> **Exercise**
Counting the line with "Lampada da tavolo" as the last one, copy out the lines of the data exactly from the first onward.

> **Information provided**
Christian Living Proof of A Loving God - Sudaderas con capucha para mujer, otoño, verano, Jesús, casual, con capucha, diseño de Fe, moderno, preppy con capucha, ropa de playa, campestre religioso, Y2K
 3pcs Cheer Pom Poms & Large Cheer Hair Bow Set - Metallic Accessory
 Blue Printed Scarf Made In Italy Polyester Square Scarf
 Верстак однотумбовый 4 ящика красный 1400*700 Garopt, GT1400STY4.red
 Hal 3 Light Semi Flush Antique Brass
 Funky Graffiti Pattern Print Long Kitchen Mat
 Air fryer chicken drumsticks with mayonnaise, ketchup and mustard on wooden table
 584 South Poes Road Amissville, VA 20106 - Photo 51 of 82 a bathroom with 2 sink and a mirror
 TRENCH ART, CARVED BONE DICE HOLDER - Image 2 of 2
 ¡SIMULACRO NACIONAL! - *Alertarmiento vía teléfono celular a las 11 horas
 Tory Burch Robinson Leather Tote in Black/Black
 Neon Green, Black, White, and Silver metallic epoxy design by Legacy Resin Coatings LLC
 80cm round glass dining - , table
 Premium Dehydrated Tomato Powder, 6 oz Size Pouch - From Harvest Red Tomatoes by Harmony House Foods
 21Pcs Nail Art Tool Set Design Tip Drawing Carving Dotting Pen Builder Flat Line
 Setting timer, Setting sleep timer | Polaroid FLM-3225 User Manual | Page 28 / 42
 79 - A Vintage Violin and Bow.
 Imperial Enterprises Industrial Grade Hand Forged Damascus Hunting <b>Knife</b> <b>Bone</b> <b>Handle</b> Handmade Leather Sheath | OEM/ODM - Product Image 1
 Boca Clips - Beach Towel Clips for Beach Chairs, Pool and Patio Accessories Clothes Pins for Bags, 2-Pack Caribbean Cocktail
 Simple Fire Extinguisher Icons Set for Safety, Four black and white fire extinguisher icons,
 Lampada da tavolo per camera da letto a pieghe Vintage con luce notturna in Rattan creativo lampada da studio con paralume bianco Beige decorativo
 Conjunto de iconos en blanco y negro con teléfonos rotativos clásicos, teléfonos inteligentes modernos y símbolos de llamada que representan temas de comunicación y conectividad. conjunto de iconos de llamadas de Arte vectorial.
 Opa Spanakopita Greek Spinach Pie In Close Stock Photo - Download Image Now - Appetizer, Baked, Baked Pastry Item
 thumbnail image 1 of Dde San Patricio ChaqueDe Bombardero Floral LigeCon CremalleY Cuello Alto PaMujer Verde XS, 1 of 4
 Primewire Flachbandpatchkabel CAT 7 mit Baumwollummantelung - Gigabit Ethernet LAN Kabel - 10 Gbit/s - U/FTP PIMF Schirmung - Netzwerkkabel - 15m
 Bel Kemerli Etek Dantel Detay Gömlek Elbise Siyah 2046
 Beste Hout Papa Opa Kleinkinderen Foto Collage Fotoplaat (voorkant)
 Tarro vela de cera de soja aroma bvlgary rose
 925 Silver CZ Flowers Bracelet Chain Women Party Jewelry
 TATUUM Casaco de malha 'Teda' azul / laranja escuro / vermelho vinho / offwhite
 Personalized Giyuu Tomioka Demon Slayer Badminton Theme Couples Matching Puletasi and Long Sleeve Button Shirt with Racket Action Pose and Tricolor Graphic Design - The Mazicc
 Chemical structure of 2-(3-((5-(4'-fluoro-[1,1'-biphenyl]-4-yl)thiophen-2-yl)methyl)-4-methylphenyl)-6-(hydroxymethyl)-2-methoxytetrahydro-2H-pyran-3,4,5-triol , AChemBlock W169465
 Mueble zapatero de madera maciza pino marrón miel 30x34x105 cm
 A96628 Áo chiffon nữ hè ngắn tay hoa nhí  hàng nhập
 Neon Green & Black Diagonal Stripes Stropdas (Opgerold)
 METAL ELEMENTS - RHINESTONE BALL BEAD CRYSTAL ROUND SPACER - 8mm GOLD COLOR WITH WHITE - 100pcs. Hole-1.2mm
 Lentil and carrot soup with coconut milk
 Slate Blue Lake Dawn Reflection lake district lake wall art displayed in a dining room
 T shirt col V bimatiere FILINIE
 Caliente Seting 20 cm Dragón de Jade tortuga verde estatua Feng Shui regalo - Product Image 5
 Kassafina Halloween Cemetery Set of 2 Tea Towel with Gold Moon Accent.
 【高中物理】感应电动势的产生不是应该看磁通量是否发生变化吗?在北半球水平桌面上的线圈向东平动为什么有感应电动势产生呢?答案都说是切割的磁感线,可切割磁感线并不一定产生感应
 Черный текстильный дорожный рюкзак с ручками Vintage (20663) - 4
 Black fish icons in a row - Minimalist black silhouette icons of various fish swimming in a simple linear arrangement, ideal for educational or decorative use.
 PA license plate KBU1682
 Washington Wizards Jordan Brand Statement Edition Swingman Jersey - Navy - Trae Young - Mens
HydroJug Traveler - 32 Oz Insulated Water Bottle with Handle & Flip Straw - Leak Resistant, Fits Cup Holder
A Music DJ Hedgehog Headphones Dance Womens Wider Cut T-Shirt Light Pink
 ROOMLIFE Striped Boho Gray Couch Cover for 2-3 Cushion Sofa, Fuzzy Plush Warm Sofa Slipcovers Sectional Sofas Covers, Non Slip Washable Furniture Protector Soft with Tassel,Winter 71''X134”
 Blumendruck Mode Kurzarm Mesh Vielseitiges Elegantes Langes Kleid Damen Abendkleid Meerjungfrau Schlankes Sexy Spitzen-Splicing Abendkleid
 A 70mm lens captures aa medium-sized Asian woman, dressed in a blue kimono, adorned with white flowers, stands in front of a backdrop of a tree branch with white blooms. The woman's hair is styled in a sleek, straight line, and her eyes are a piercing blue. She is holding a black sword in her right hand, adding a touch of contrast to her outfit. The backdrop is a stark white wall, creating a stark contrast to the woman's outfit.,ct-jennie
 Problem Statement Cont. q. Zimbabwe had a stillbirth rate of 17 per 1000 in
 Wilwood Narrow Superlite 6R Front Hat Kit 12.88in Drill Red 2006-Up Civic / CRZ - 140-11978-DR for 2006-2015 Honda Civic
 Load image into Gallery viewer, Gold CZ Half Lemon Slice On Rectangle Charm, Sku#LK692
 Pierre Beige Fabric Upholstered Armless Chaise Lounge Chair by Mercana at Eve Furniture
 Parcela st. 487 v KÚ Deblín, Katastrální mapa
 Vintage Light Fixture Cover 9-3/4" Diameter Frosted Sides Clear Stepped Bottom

> **Response box**
Christian Living Proof of A Loving God - Sudaderas con capucha para mujer, otoño, verano, Jesús, casual, con capucha, diseño de Fe, moderno, preppy con capucha, ropa de playa, campestre religioso, Y2K
 3pcs Cheer Pom Poms & Large Cheer Hair Bow Set - Metallic Accessory
 Blue Printed Scarf Made In Italy Polyester Square Scarf
 Верстак однотумбовый 4 ящика красный 1400*700 Garopt, GT1400STY4.red
 Hal 3 Light Semi Flush Antique Brass
 Funky Graffiti Pattern Print Long Kitchen Mat
 Air fryer chicken drumsticks with mayonnaise, ketchup and mustard on wooden table
 584 South Poes Road Amissville, VA 20106 - Photo 51 of 82 a bathroom with 2 sink and a mirror
 TRENCH ART, CARVED BONE DICE HOLDER - Image 2 of 2
 ¡SIMULACRO NACIONAL! - *Alertarmiento vía teléfono celular a las 11 horas
 Tory Burch Robinson Leather Tote in Black/Black
 Neon Green, Black, White, and Silver metallic epoxy design by Legacy Resin Coatings LLC
 80cm round glass dining - , table
 Premium Dehydrated Tomato Powder, 6 oz Size Pouch - From Harvest Red Tomatoes by Harmony House Foods
 21Pcs Nail Art Tool Set Design Tip Drawing Carving Dotting Pen Builder Flat Line
 Setting timer, Setting sleep timer | Polaroid FLM-3225 User Manual | Page 28 / 42
 79 - A Vintage Violin and Bow.
 Imperial Enterprises Industrial Grade Hand Forged Damascus Hunting <b>Knife</b> <b>Bone</b> <b>Handle</b> Handmade Leather Sheath | OEM/ODM - Product Image 1
 Boca Clips - Beach Towel Clips for Beach Chairs, Pool and Patio Accessories Clothes Pins for Bags, 2-Pack Caribbean Cocktail
 Simple Fire Extinguisher Icons Set for Safety, Four black and white fire extinguisher icons,
 Lampada da tavolo per camera da letto a pieghe Vintage con luce notturna in Rattan creativo lampada da studio con paralume bianco Beige decorativo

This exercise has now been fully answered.